Steven,
At least you admitted it was a "lazy answer"
" This is what happened to the early Chistians; it led to a conception of personal holiness as something quite independent of beneficient action, since holiness had to be something that could be achieved by people who were impotent in action. Social virtue came therefore to be excluded from Christian ethics.. . .I do not believe that there is a single saint in the whole calendar whose saintship is due to work of public utility." - Bertrand Russell
I ask you to judge the veracity of Russel's contention based on only two examples:
St. Jerome Emiliani: " . . .after the war, all the loved ones who would have protected them [the orphans] and comforted them had been taken by sickness or starvation. He would become their parent, their family. Using his own money, he rented a house for the orphans, fed them, clothed them, and educated them..."

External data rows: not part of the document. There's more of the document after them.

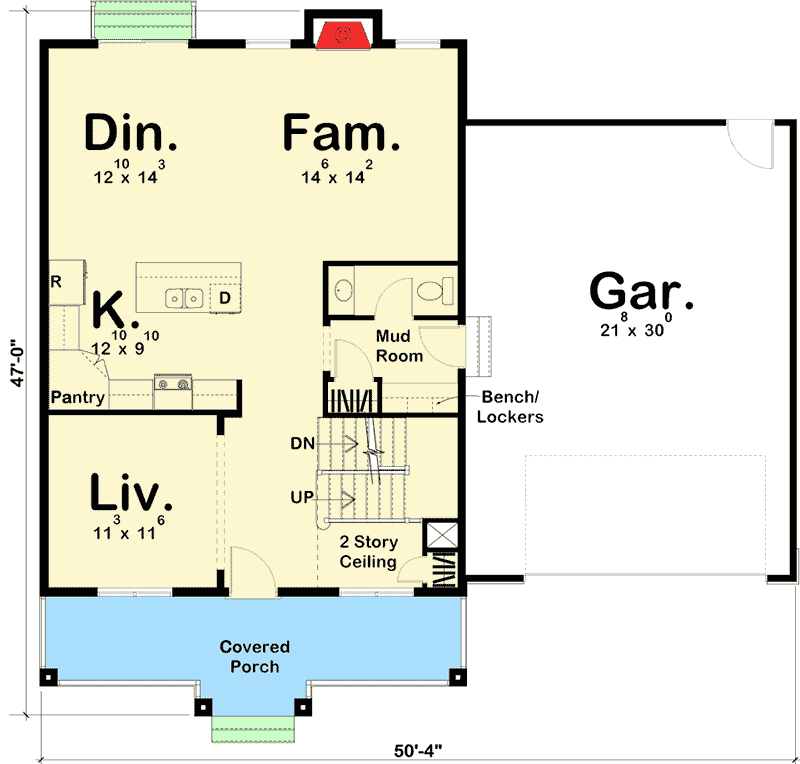 Plan 62569DJ: 4-Square House Plan with Covered Front Porch - Floor Plan - Main Level - Country, Northwest, Prairie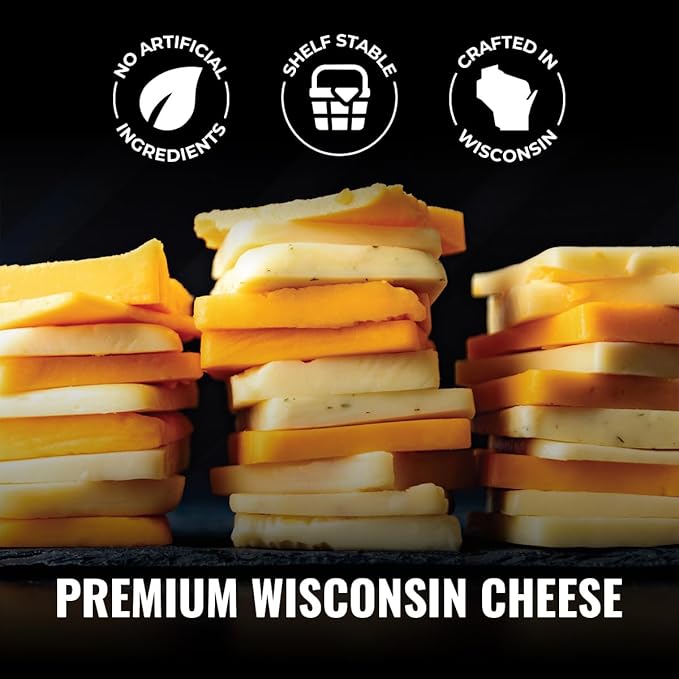 Farmers' Market Cheese Block Assortment 7oz 4-Pack, Shelf Stable, Pasteurized, Locally Sourced Wisconsin Cheese (Assortment, 4 Count)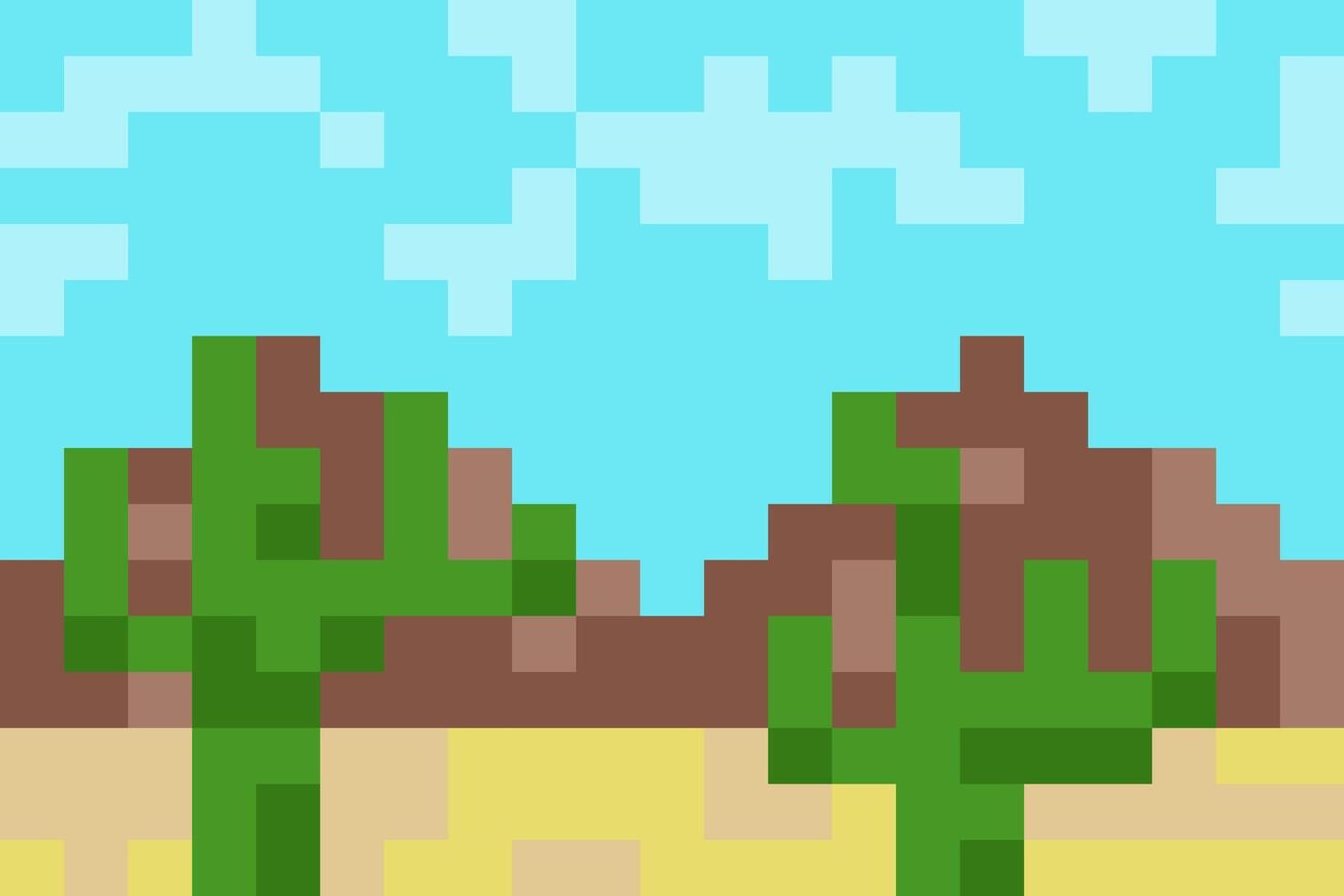 pixel desert background with mountains and cacti in the foreground. pixel art concept game background, landscape in primitive square blocks vector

St. Sebastian: " . . .among many other deeds of service and healing, he healed Nicostratus, and his wife, Zoe, a deaf mute whom he cured; the jailer Claudius; Chromatius, Prefect of Rome, whom he cured of gout; and Chromatius' son, Tiburtius. Soon thereafter, affected by his experience with St. Sebastian, Chromatius set the prisoners free, freed his slaves, and resigned as prefect..."
Russel was intellectually brilliant, yet woefully uninformed regarding matters of spirituality, and on this specific point, was simply wrong. Even in our own time, most of us have heard of the works of Mother Theresa (a future saint): comforting, clothing, and feeding the poorest of the poor. Russel's bias is so extreme, it obviates most, if not all, of his conclusions in these matters.
Russel appears to spout conclusions on spirituality and religiosity which are based on experiments he himself hasn't even performed. This strikes me as the definition of a "dilettante".